Thursday, March 29, 2012

Ministers Launch Book On Ireland’s Smallest Plants

Some of Ireland’s smallest – but most important plants – are the subject of a new publication launched today in Dublin.
The publication entitled “Rare and Threatened Bryophytes of Ireland”, was launched by Government Ministers Alex Attwood MLA, Minister for the Environment and Jimmy Deenihan TD, Minister for Arts, Heritage and the Gaeltacht Bryophytes are non-flowering plants which grow in places where moisture is present. Comprising mosses and liverworts, these typically small species are important components of many of Ireland’s internationally recognised habitats such as blanket bogs.

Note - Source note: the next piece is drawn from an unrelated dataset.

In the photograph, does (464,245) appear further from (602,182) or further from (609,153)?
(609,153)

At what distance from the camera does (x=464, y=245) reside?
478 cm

With over 800 species, Ireland is one of the most important areas of Europe for bryophytes which also make a significant contribution to the island’s green appearance.
The book focuses on rare and threatened species of bryophytes and gives information on threats and conservation priorities. It is the latest all-Ireland Red Data Book to be jointly published since the first in 1988.
Speaking at the launch in the appropriate surroundings of Glasnevin Botanical Gardens, Minister Attwood said: “This book is the culmination of over 15 years of extensive field research which resulted in many finds of rare species including 22 previously unknown in Ireland. Its publication by National Museums Northern Ireland illustrates the benefits of cross-border cooperation and places the spotlight on an important but neglected part of Irish biodiversity for which we have special responsibility.”
Minister Deenihan added “I am particularly pleased that this publication contains the first Red List of bryophytes for all of Ireland. This is an important step, fulfilling one of the fundamental commitments under ‘Actions for Biodiversity’ - Ireland’s National Biodiversity Plan and contributing to international objectives in conservation.”
Minister Deenihan concluded: “This book is undoubtedly a landmark in Irish bryology and the National Museums Northern Ireland are to be congratulated on another fine publication, to sit well with their previous works on ”Dragonflies, Butterflies and Moths” and the recently published “Natural History of Ulster."